What the task requires | Write out the whole listing again so that each line matches the original.

Data records |

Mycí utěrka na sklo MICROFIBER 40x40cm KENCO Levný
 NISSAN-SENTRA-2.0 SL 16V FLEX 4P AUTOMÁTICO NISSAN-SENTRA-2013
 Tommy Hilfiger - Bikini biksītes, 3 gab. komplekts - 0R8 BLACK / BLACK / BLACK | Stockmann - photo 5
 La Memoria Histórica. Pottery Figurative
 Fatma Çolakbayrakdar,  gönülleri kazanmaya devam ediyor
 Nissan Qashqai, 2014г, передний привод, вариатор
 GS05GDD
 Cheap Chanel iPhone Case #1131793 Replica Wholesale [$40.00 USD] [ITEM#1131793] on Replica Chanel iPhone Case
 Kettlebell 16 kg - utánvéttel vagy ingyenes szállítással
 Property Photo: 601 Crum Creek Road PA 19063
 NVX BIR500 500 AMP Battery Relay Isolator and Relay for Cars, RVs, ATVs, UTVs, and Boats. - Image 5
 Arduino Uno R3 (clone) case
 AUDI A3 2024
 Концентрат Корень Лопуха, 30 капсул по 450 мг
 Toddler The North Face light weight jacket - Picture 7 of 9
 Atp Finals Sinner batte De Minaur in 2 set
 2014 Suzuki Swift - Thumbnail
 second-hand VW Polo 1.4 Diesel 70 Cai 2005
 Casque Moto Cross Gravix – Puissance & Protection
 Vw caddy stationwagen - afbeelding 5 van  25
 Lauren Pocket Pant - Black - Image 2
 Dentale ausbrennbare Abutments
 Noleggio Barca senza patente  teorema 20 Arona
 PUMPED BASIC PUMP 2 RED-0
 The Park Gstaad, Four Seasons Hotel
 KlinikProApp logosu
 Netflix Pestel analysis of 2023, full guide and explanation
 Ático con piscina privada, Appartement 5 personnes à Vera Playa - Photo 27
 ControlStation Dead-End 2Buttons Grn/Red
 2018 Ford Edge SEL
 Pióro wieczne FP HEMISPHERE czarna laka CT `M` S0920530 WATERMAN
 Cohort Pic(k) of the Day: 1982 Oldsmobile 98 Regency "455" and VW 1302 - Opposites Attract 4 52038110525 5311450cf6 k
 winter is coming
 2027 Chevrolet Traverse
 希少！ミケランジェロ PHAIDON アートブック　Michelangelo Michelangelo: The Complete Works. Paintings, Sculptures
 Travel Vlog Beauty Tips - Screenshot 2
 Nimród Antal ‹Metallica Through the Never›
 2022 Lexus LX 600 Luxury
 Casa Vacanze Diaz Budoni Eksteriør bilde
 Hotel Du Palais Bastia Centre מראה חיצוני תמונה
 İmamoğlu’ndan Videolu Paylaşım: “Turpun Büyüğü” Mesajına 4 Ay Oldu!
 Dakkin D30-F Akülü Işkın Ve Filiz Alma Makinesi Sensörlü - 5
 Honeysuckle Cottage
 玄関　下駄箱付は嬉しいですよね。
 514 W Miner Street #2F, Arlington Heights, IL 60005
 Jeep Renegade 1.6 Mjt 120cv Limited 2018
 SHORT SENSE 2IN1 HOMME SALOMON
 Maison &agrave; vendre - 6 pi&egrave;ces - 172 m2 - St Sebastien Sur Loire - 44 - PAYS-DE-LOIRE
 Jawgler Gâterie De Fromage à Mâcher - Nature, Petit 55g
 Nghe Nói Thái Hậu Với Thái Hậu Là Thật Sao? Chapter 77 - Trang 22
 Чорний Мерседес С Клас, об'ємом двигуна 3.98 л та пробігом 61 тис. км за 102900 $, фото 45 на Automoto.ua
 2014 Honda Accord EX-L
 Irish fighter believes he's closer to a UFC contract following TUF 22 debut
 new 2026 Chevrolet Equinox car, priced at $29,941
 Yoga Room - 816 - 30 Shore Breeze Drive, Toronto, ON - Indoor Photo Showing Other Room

Response to this exercise |
Mycí utěrka na sklo MICROFIBER 40x40cm KENCO Levný
 NISSAN-SENTRA-2.0 SL 16V FLEX 4P AUTOMÁTICO NISSAN-SENTRA-2013
 Tommy Hilfiger - Bikini biksītes, 3 gab. komplekts - 0R8 BLACK / BLACK / BLACK | Stockmann - photo 5
 La Memoria Histórica. Pottery Figurative
 Fatma Çolakbayrakdar,  gönülleri kazanmaya devam ediyor
 Nissan Qashqai, 2014г, передний привод, вариатор
 GS05GDD
 Cheap Chanel iPhone Case #1131793 Replica Wholesale [$40.00 USD] [ITEM#1131793] on Replica Chanel iPhone Case
 Kettlebell 16 kg - utánvéttel vagy ingyenes szállítással
 Property Photo: 601 Crum Creek Road PA 19063
 NVX BIR500 500 AMP Battery Relay Isolator and Relay for Cars, RVs, ATVs, UTVs, and Boats. - Image 5
 Arduino Uno R3 (clone) case
 AUDI A3 2024
 Концентрат Корень Лопуха, 30 капсул по 450 мг
 Toddler The North Face light weight jacket - Picture 7 of 9
 Atp Finals Sinner batte De Minaur in 2 set
 2014 Suzuki Swift - Thumbnail
 second-hand VW Polo 1.4 Diesel 70 Cai 2005
 Casque Moto Cross Gravix – Puissance & Protection
 Vw caddy stationwagen - afbeelding 5 van  25
 Lauren Pocket Pant - Black - Image 2
 Dentale ausbrennbare Abutments
 Noleggio Barca senza patente  teorema 20 Arona
 PUMPED BASIC PUMP 2 RED-0
 The Park Gstaad, Four Seasons Hotel
 KlinikProApp logosu
 Netflix Pestel analysis of 2023, full guide and explanation
 Ático con piscina privada, Appartement 5 personnes à Vera Playa - Photo 27
 ControlStation Dead-End 2Buttons Grn/Red
 2018 Ford Edge SEL
 Pióro wieczne FP HEMISPHERE czarna laka CT `M` S0920530 WATERMAN
 Cohort Pic(k) of the Day: 1982 Oldsmobile 98 Regency "455" and VW 1302 - Opposites Attract 4 52038110525 5311450cf6 k
 winter is coming
 2027 Chevrolet Traverse
 希少！ミケランジェロ PHAIDON アートブック　Michelangelo Michelangelo: The Complete Works. Paintings, Sculptures
 Travel Vlog Beauty Tips - Screenshot 2
 Nimród Antal ‹Metallica Through the Never›
 2022 Lexus LX 600 Luxury
 Casa Vacanze Diaz Budoni Eksteriør bilde
 Hotel Du Palais Bastia Centre מראה חיצוני תמונה
 İmamoğlu’ndan Videolu Paylaşım: “Turpun Büyüğü” Mesajına 4 Ay Oldu!
 Dakkin D30-F Akülü Işkın Ve Filiz Alma Makinesi Sensörlü - 5
 Honeysuckle Cottage
 玄関　下駄箱付は嬉しいですよね。
 514 W Miner Street #2F, Arlington Heights, IL 60005
 Jeep Renegade 1.6 Mjt 120cv Limited 2018
 SHORT SENSE 2IN1 HOMME SALOMON
 Maison &agrave; vendre - 6 pi&egrave;ces - 172 m2 - St Sebastien Sur Loire - 44 - PAYS-DE-LOIRE
 Jawgler Gâterie De Fromage à Mâcher - Nature, Petit 55g
 Nghe Nói Thái Hậu Với Thái Hậu Là Thật Sao? Chapter 77 - Trang 22
 Чорний Мерседес С Клас, об'ємом двигуна 3.98 л та пробігом 61 тис. км за 102900 $, фото 45 на Automoto.ua
 2014 Honda Accord EX-L
 Irish fighter believes he's closer to a UFC contract following TUF 22 debut
 new 2026 Chevrolet Equinox car, priced at $29,941
 Yoga Room - 816 - 30 Shore Breeze Drive, Toronto, ON - Indoor Photo Showing Other Room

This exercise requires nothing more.